Naturally you would have studied the origins of our fauna and flora, of how the forests co-evolved with giant browsing birds which are now extinct. I suspect you would have caught ecologist Graeme Caughley’s papers where he argues that excluder fences or exclosures, such as you are proposing, which deny any browse, even exotic browse, means that the forest, and in effect the ecosystem, becomes "un-natural".
I’m sure that when you proposed further aerial poisoning with 1080 for areas outside the sanctuaries, you would have been aware that this poison was originally registered as an insecticide. Your investigations would have shown that studies revealing the disturbing impact of massive 1080 drops on forest floor invertebrates were suppressed within the Department of Conservation. As a scientist, you must be aware that insects are the base of all forest ecosystems, the creatures that break down forest litter to make forest soils, the base of the food chain for many birds including both kiwi and fantails. When insects are being poisoned on a short cycle, such as in the Tararua Ranges for "Project Kaka" you will soon have a silent forest. No cicadas, no flies, no crickets, and soon no birds! Nothing to do with "pests".
No doubt your investigations revealed that many of the larger birds, such as kea and kaka, are being directly poisoned by aerial 1080 operations such as you propose. Recent kea poisonings include 41% of a radio tagged population in 2008 at Franz, and in September of this year, nearly 80% of a population at North Okarito. Kea are now extinct on much of their former range. Although DoC may claim the culprits are stoats and possum, I don’t think it needs much science to see that there is another very significant factor, ie. poisoning, that is being ignored.

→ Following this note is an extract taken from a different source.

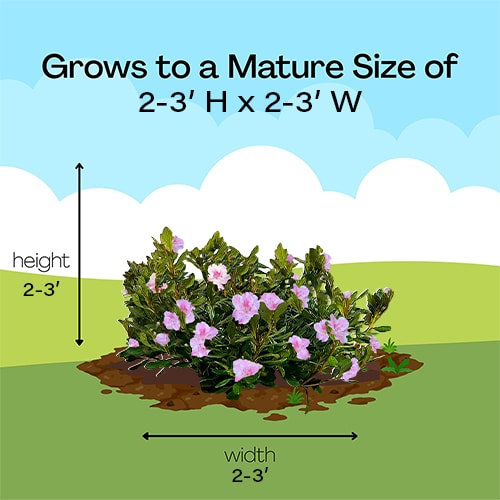 Azalea, Conversation Piece Pink 2.25 Gallon - Image 5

I take it you also read the papers by Ruscoe and others concerning rat plagues which follow a year or so after 1080 operations. This is in part because rats breed so much faster than our native birds, so while everything is knocked back by the poisoning, fast breeding rats are able to recover and occupy the niches of others, and the balance is tipped into the rat's favour to the detriment of the birds. Contrary to claims by DoC and others, stoats food preferences mean that they are often little affected by 1080 operations.
If you were able to get on an Official Information Act request, the minutes of the clandestine steering committee consisting of DoC, Animal Health Board (AHB) and Animal Control Products (ACP, the state owned poisons producer) set up to ensure the successful renewal of consents by ERMA to use aerial 1080, you will find some interesting reading. Amongst the snippets is the information that DoC had been using artificially low costings for aerial 1080 (similar to the figures given by Gerry McSweeny of Forest & Bird on National Radio of 8/6/11). Reading this material, and the statement of corporate intent of the state owned enterprise, ACP, you will probably come to the conclusion that something more is afoot. Here the example of Enron provides an interesting parallel. A large energy conglomerate that is still regarded as a benchmark for corporate malfeasance deliberately created crisis’s to exert leverage on regulators and gain pecuniary advantage. In the case of Enron, they created threats to the electricity supply by deliberately reducing generating capacity during periods of peak usage. The real difference here is that in New Zealand, it is both the state and leading conservation groups that are rogue.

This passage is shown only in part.